MANHATTAN—With the goal of mitigating the continued spread of COVID-19, Kansas State University will begin the first two weeks of the spring semester with remote learning classes. Most classes are scheduled to begin Monday, Jan. 25, according to a media release.
The university plans to return to the hybrid and in-person teaching modalities used in the fall semester after the two-week period on Feb. 8.
“As we anticipate a surge in positive cases as people return to our campuses, this action will help us keep safety protocols in place,” said Richard Myers, university president. “Last August we saw a surge in the fall when students returned and we were able to manage it well. As anticipated, cases spiked again as we neared the holidays and people moved indoors. We appreciate the tremendous efforts by our faculty, staff and students to help keep our communities safer.”
Student services such as on-campus housing, libraries, recreation centers and Lafene Health Center will be operational on Monday, Jan. 25, following the same safety protocols as the fall semester. Move-in dates for spring 2021 on-campus housing will not change. Residents will receive an email on Monday, Jan. 11, with details regarding their return to the residence halls. Spring 2021 housing and dining charges and the campus privilege fee assessment will not be affected by this decision.

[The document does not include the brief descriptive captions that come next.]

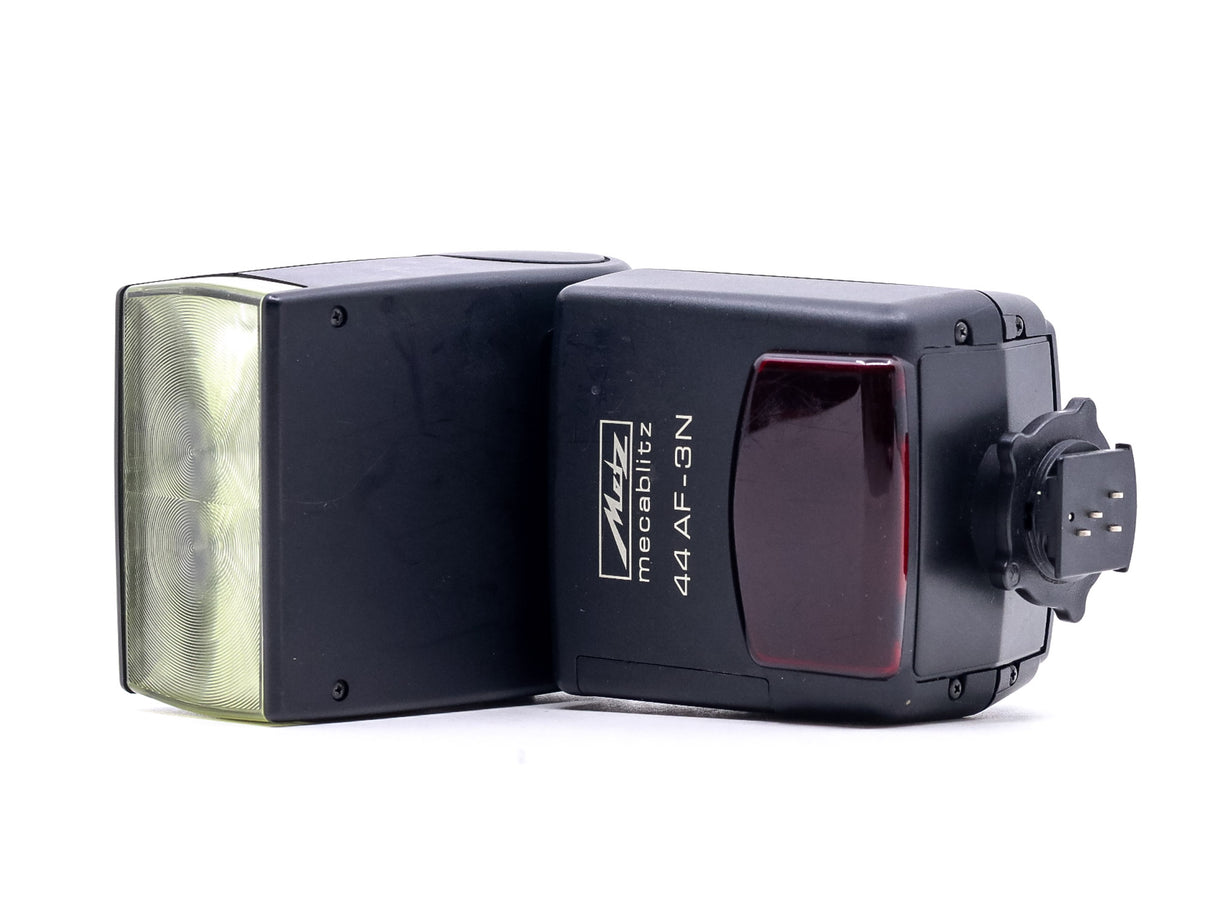 Metz 44 AF-3N - Dedicato a Nikon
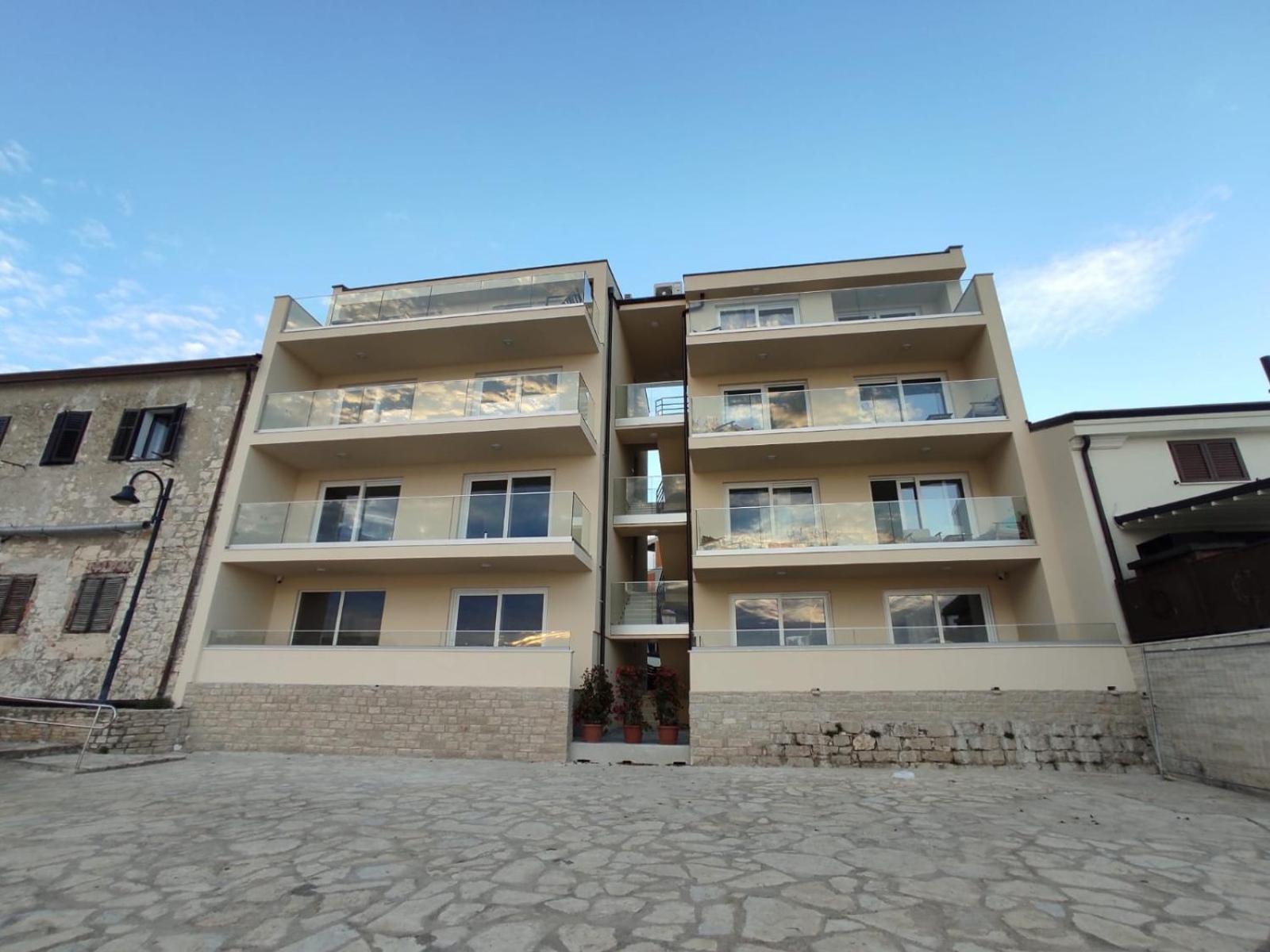 Calypso Residence Umag Buitenkant foto
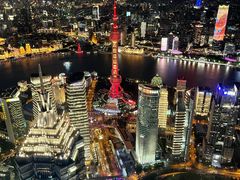 -上海环球金融中心云端足球盛典
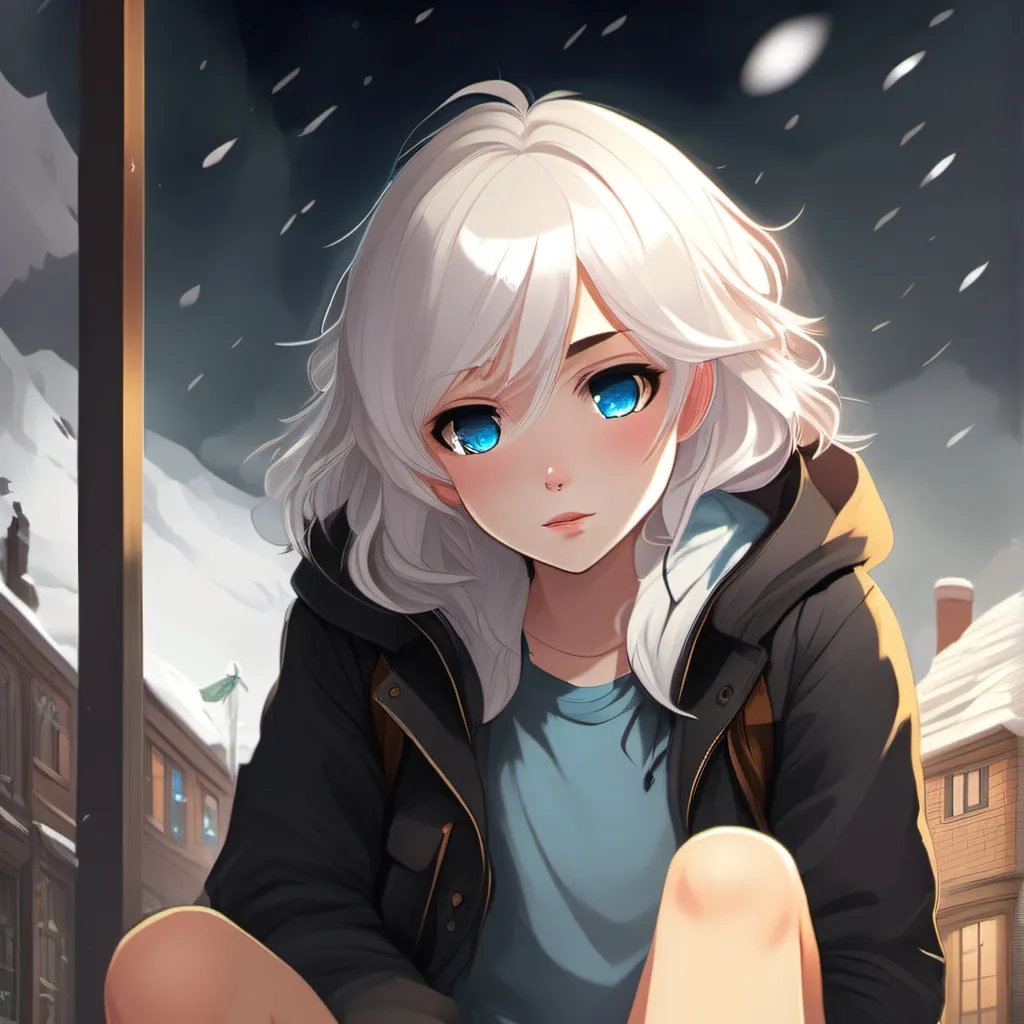 chat with ai character: Snow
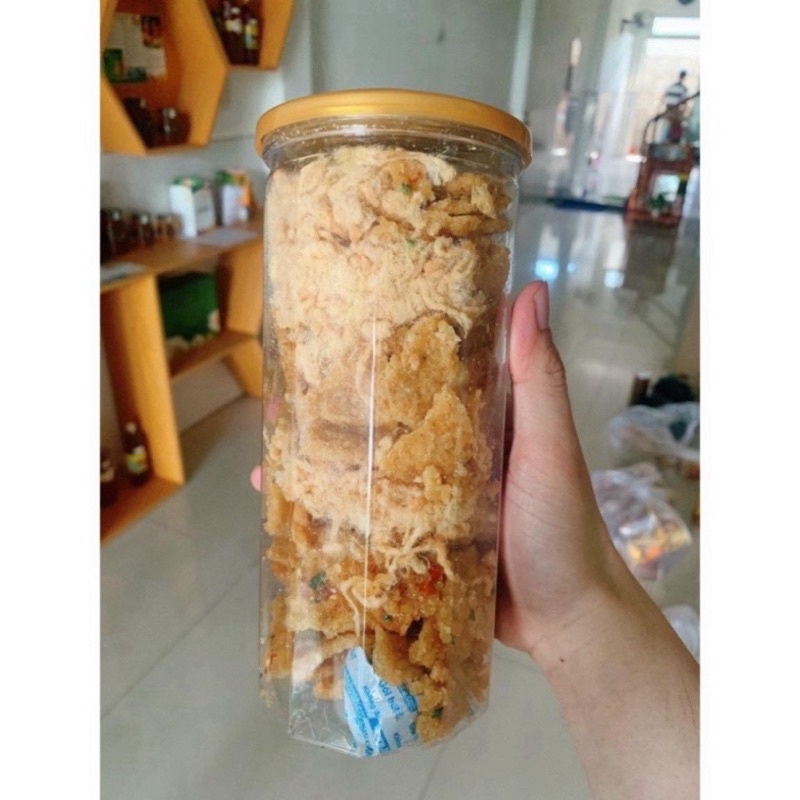 Cơm Cháy Lắc Chà Bông Loại 1 , 500Gram Siêu Ngon Loại 1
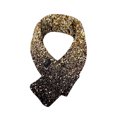 thumbnail image 6 of Odeerbi Smart Heated Scarf for Men Women Comfortable Warming Neck Wrap Scarf Winter USB Rechargeable Neck Warmer Gradient Flowers Print Cold Protection Warm Heating Scarf Brown, 6 of 7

Research operations will proceed under current protocols and guidelines. As with the fall semester, once the two-week remote teaching period ends, faculty members will have the ability to temporarily adjust class modalities due to COVID-19 impacts on in-person class attendance or if the pandemic situation changes.
“Our experience in the fall semester taught us we can manage many of our venues through science-based mitigation methods,” Myers said. “This allows for a more nuanced approach than we had last spring when virtually all operations were reduced.”
The university has expanded symptomatic and asymptomatic testing available for students, faculty and staff members. Information about vaccines will be updated as available on the university website. The university has not been notified of any allocations of vaccines for students, faculty or staff other than essential medical personnel.
“We look forward to a much brighter future moving toward spring and summer as vaccines become more widespread,” Myers said. “We want to start safe and remain safe through this semester so we can come back in full strength in the fall.”